MaAI

A Real-time and Light-weight Software for Generation of Non-Linguistic Behaviors in Conversational AIs

(Real-time Implementation of Voice Activity Projection)

MaAI is a state-of-the-art and light-weight software that can generate (predict) non-linguistic behaviors in real time and continuously. It supports essential interaction elements such as (1) Turn-Taking, (2) Backchanneling, and (3) Head Nodding. Currently available for English, Chinese, and Japanese languages, MaAI will continue to expand its language coverage and non-linguistic behavior repertoire in the future. Designed specifically for conversational AI, including spoken dialogue systems and interactive robots, MaAI handles audio input effectively in either two-channels (user-system) or single-channel (user-only) settings🎙️ Thanks to its lightweight design, MaAI operates efficiently, even exclusively on CPU hardware⚡

The name MaAI is derived from the Japanese words Ma(間) or Maai(間合い), which refer to the subtle timing and spacing that humans adjust using various modalities during interactions.
The AI in MaAI literally stands for Artificial Intelligence, reflecting the aim to develop AI technologies related to these interactional dynamics.

The currently supported models are mainly based on the Voice Activity Projection (VAP) model and its extensions. Details about the VAP model can be found in the following repository: https://github.com/ErikEkstedt/VoiceActivityProjection

For system development or collaborative research using MaAI software, please contact Koji Inoue at Kyoto University.

Demo video on YouTube (https://www.youtube.com/watch?v=-uwB6yl2WtI)

🆕 Update

We released a new version of MaAI (version 0.2.0) with a significant performance improvement (April 17th, 2026)
Backchannel prediction model supporting three languages (English, Chinese, and Japanese) is now available (November 19th, 2025)
Computational efficiency is improved in the long-context models (September 3rd, 2025)
We launched the MaAI project and repository here! 🚀 (August 13th, 2025)

🚀 Getting Started

To quickly get started with MaAI, you can install it using pip:

pip install maai

💡 Note: By default, the CPU version of PyTorch will be installed. If you wish to run MaAI on a GPU, please install the GPU version of PyTorch that matches your CUDA environment before proceeding.

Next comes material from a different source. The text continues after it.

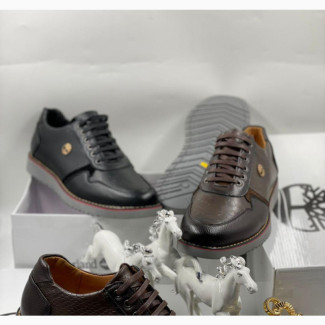Luxury Men#039;s Shoes - Brand New, Slip-Resistant, Water Friendly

You can run it as follows🏃‍♂️ The appropriate model for the task (mode) and parameters will be downloaded automatically.
Below is an example of using the turn-taking model (VAP) with the first channel as microphone input (user) and the second channel as silence (system).

from maai import Maai, MaaiInput, MaaiOutput

mic = MaaiInput.Mic()
zero = MaaiInput.Zero() 

maai = Maai(mode="vap", lang="jp", frame_rate=10, audio_ch1=mic, audio_ch2=zero, device="cpu")
maai_output_bar = MaaiOutput.ConsoleBar()

maai.start()
while True:
    result = maai.get_result()
    maai_output_bar.update(result)

Maai now accepts model_type to select the model variant.

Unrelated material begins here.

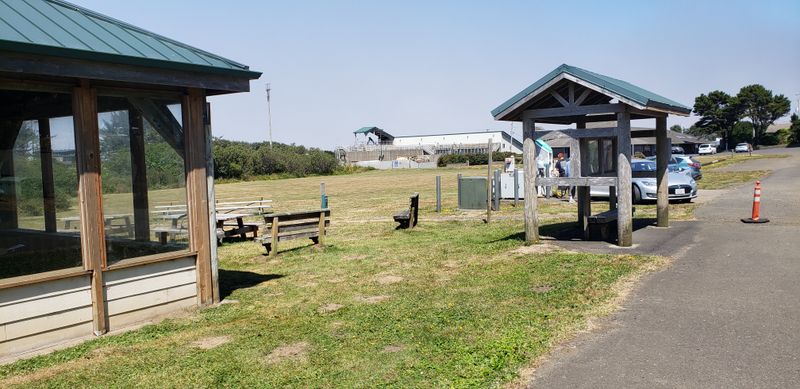 Yachats Commons Park and Pavilion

"normal": the existing default model variant used in previous releases
"normal-ver2": a new model variant that uses the Mimi encoder

🧩 Models

We support the following models (behavior, language, audio setting, etc.), and more models will be added in the future. Currently available models can be found in our HuggingFace repository.

Turn-Taking

The turn-taking model uses the original VAP as is and predicts which participant will speak in the next moment.

VAP Model
Noise-Robust VAP Model (Recommended)
[Single-Channel VAP Model] (In Preparation ...)

Backchannel

Backchannels are short listener responses such as yeah and oh, that are also related to turn-taking.

Nodding

Nodding refers to the up-and-down movement of the head and is closely related to backchanneling. Unlike backchannels that involve vocal responses, nodding allows the listener to express their reaction non-verbally.

Running Multiple Models with a Shared Encoder

When several Maai models need to run on the same audio stream, the MaaiMultiple class shares a single audio encoder across all of them so the (relatively expensive) encoder runs only once per audio frame.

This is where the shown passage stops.